Work instructions
What is needed is an exact reproduction of the lines from the one that contains "Photo of Bowl" through the end of the data, both included and nothing else, with pictures omitted.

Scraped caption text data:
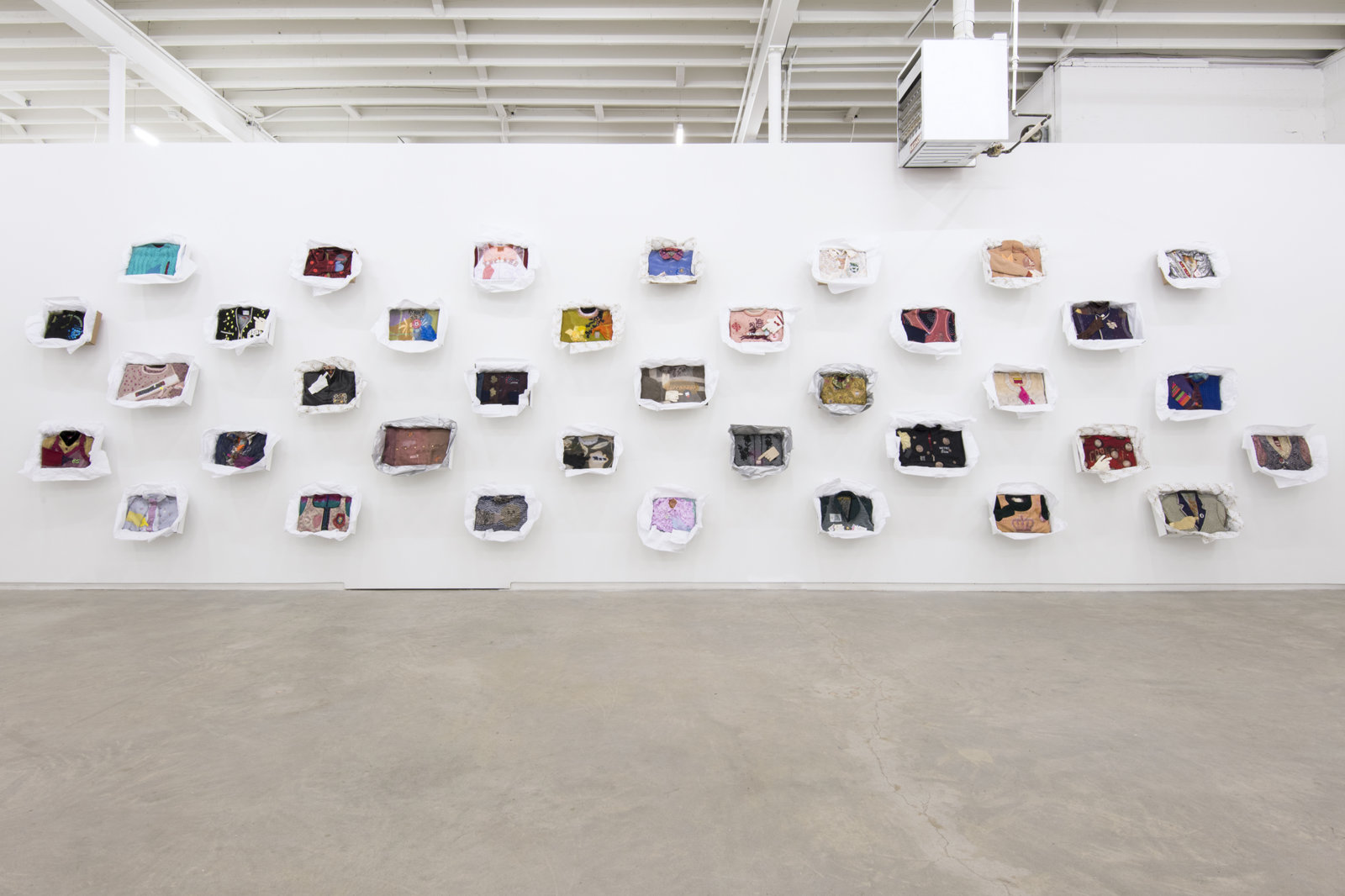 Liz Magor, Being This, 2012, 36 boxes, paper, textiles, found materials, each box approximately 12 x 19 x 3 in. (31 x 48 x 6 cm), installation dimensions variable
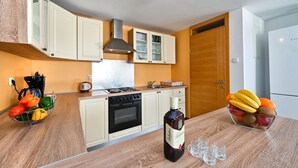Une petite cuisine équipée d’une cuisinière, d’un four et d’une machine à café. On peut voir une bouteille de whisky Ballantine’s et un saladier de fruits sur le comptoir.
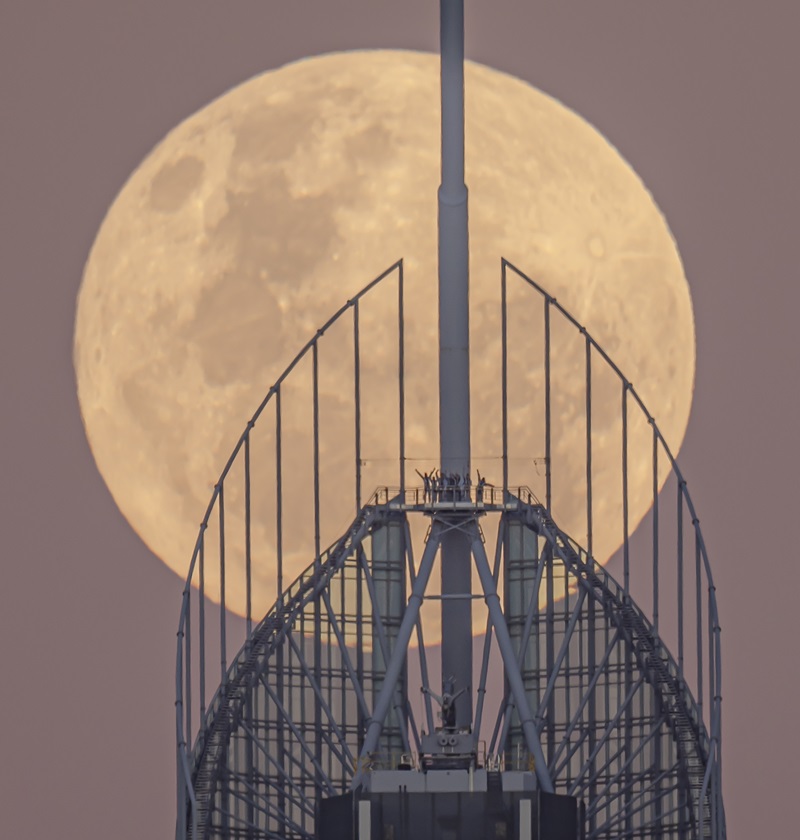 People wave from the top of a tower with a full moon behind. 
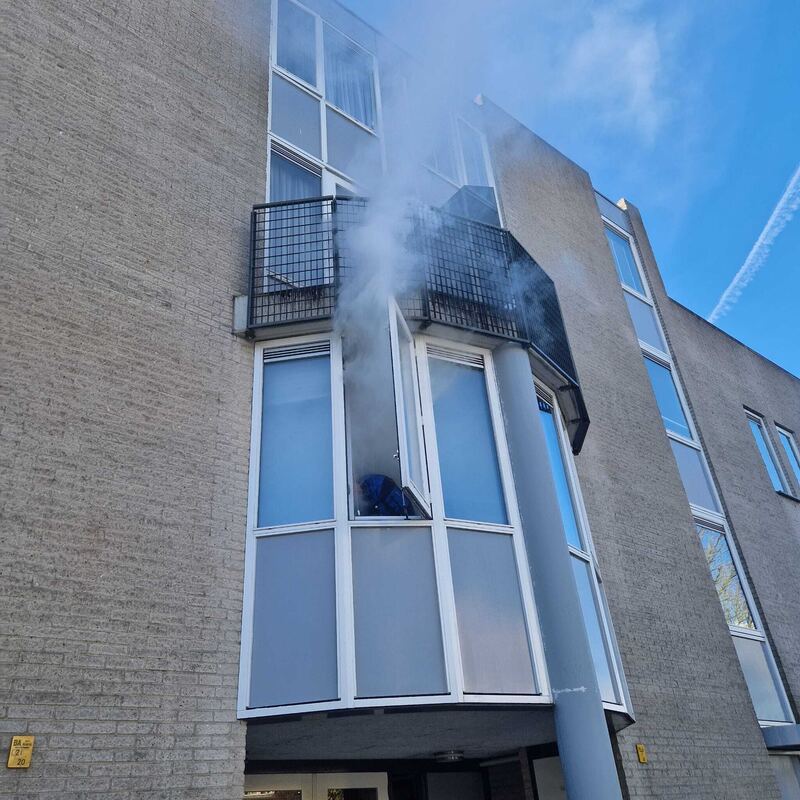 Rook komt uit een raam bij een balkon in een bakstenen gevel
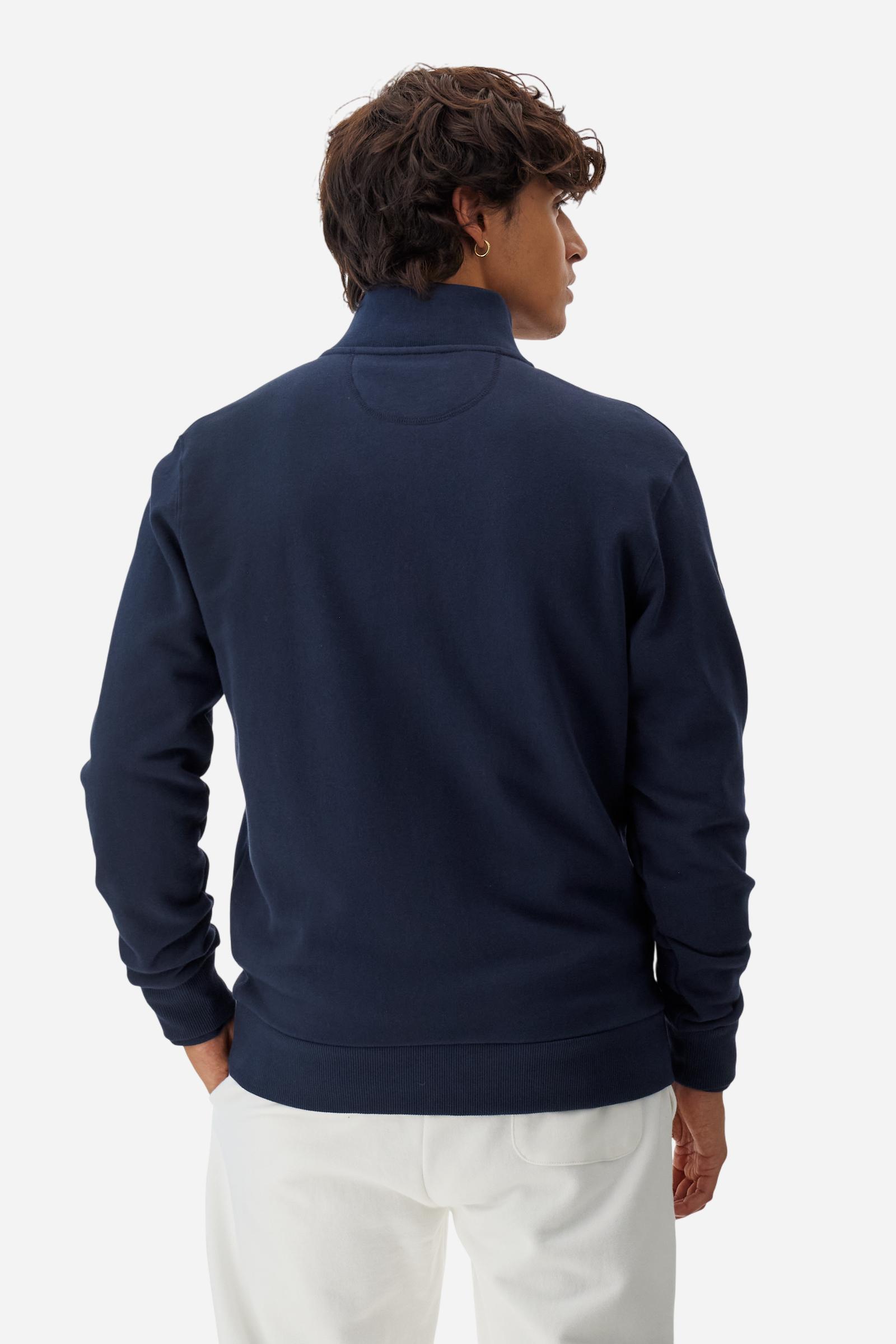 Men's long-sleeved solid colour sweatshirt. It is made of comfortable 100% cotton fleece with a soft-brushed feel. Model with high ribbed neck and front zip opening. Solid colour ribbed cuffs and waistband. The large contrasting brand team logo is embroidered on the chest. A contrasting colour fabric number patch is applied to the right sleeve. The model has a regular fit that offers a comfortable, relaxed silhouette. The model is wearing a size L. - Navy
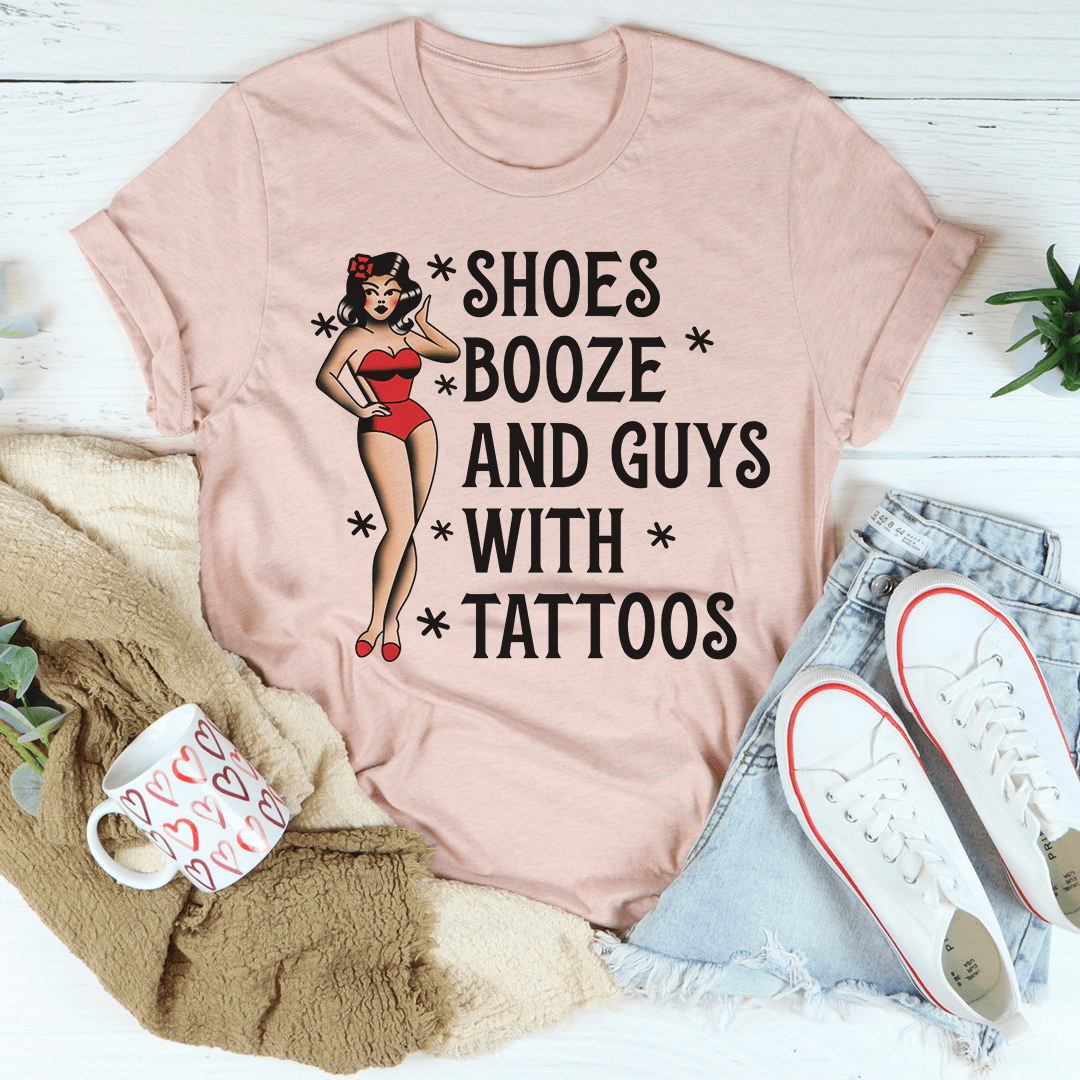 A stylish black t-shirt featuring the phrase 'Shoes Booze And Guys With Tattoos' printed in bold letters, showcasing its comfortable fabric and double stitching.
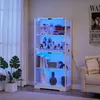 A white glass display cabinet with LED lighting, filled with various collectibles and decorative items, is shown in a room setting next to a sofa and a large plant. Náhled obrázku produktu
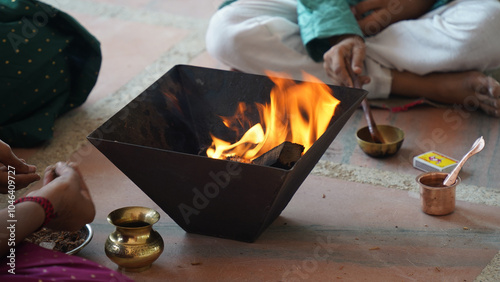 A Hindu family gathered around a sacred fire, performing a Yagya during a festival celebration photo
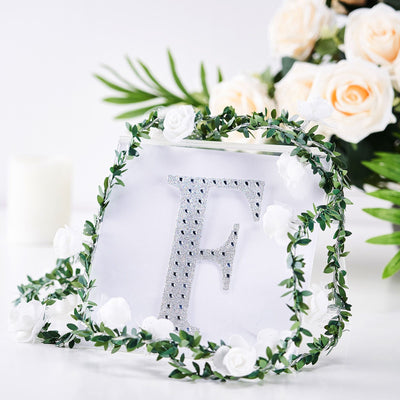 Decorative letter "F" with rhinestones surrounded by floral garland.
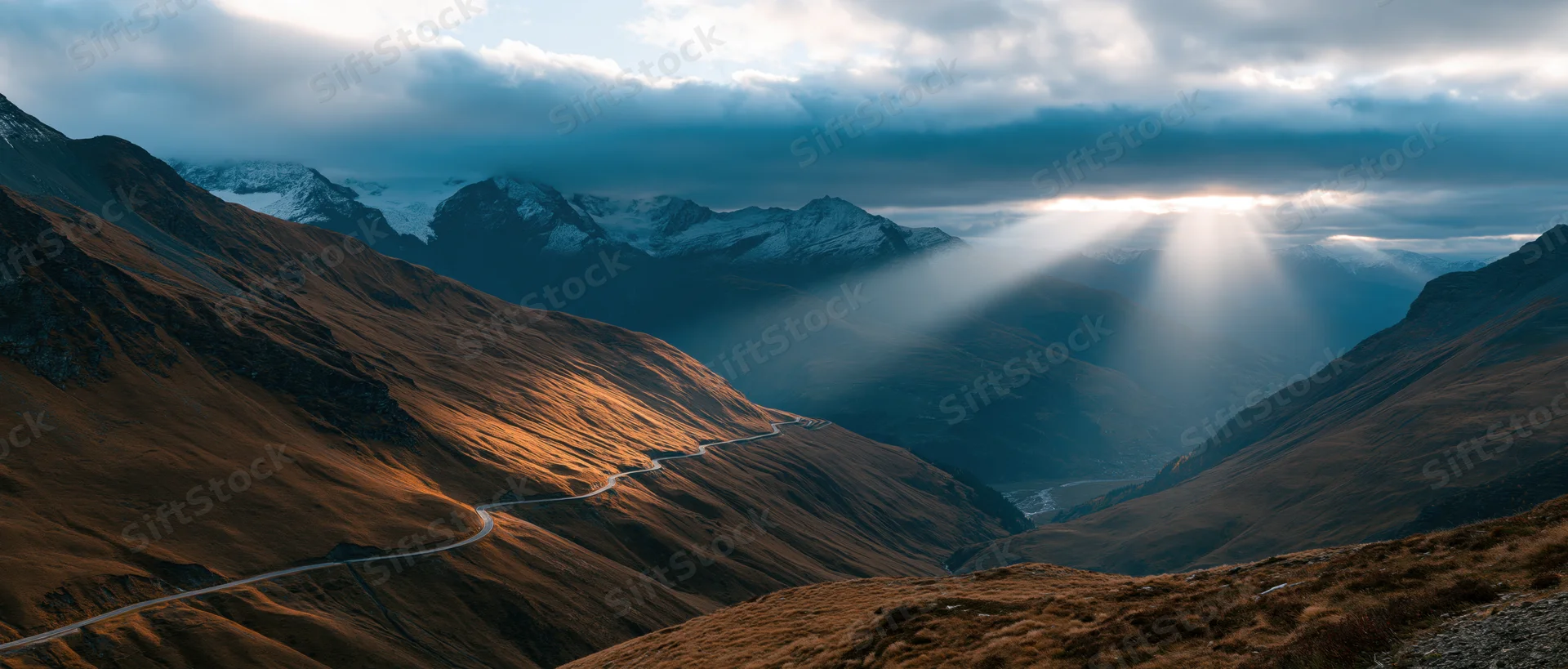 Winding road through mountain valley with sunlight breaking through clouds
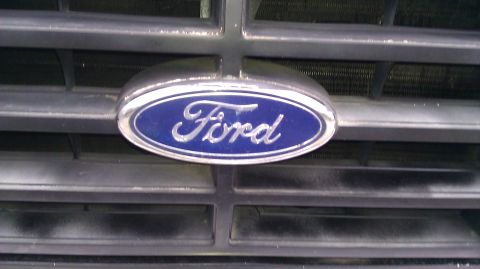 1984 Ford Bronco - The blue Ford oval emblem is centered on the horizontal bars of the vehicle's grille.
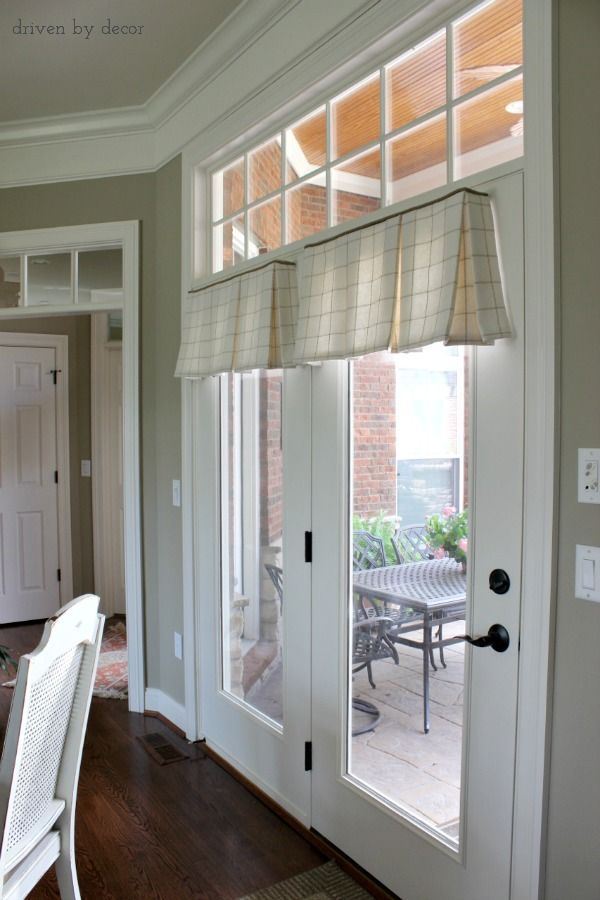 a dining room table and chairs are in front of the sliding glass doors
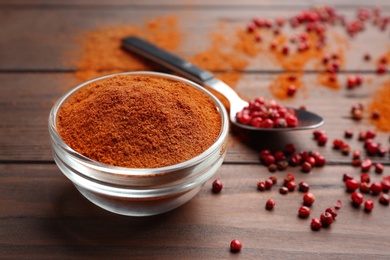 Photo of Bowl of red powdered pepper and spoon with corns on wooden table, space for text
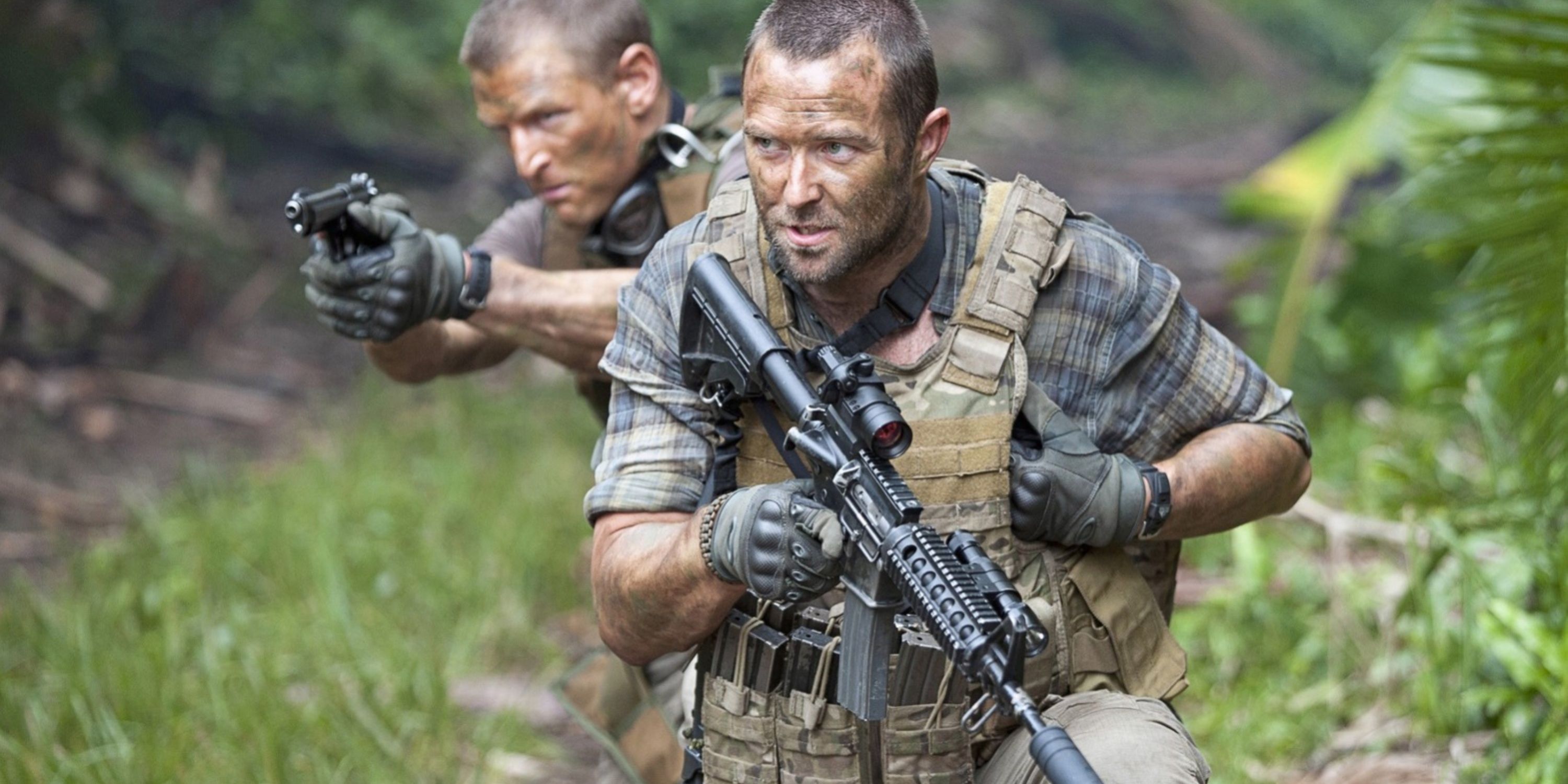 Scott e Stonebridge avançam por uma selva segurando armas em Strike Back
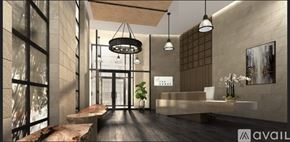 Washington condo for rent - A modern interior space with a long hallway, a reception desk, and hanging light fixtures.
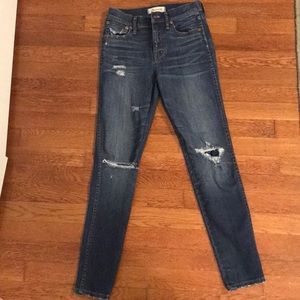 lightly distressed dark wash Madewell jeans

Exercise solution
 Photo of Bowl of red powdered pepper and spoon with corns on wooden table, space for text
 Scott e Stonebridge avançam por uma selva segurando armas em Strike Back
 Washington condo for rent - A modern interior space with a long hallway, a reception desk, and hanging light fixtures.
 lightly distressed dark wash Madewell jeans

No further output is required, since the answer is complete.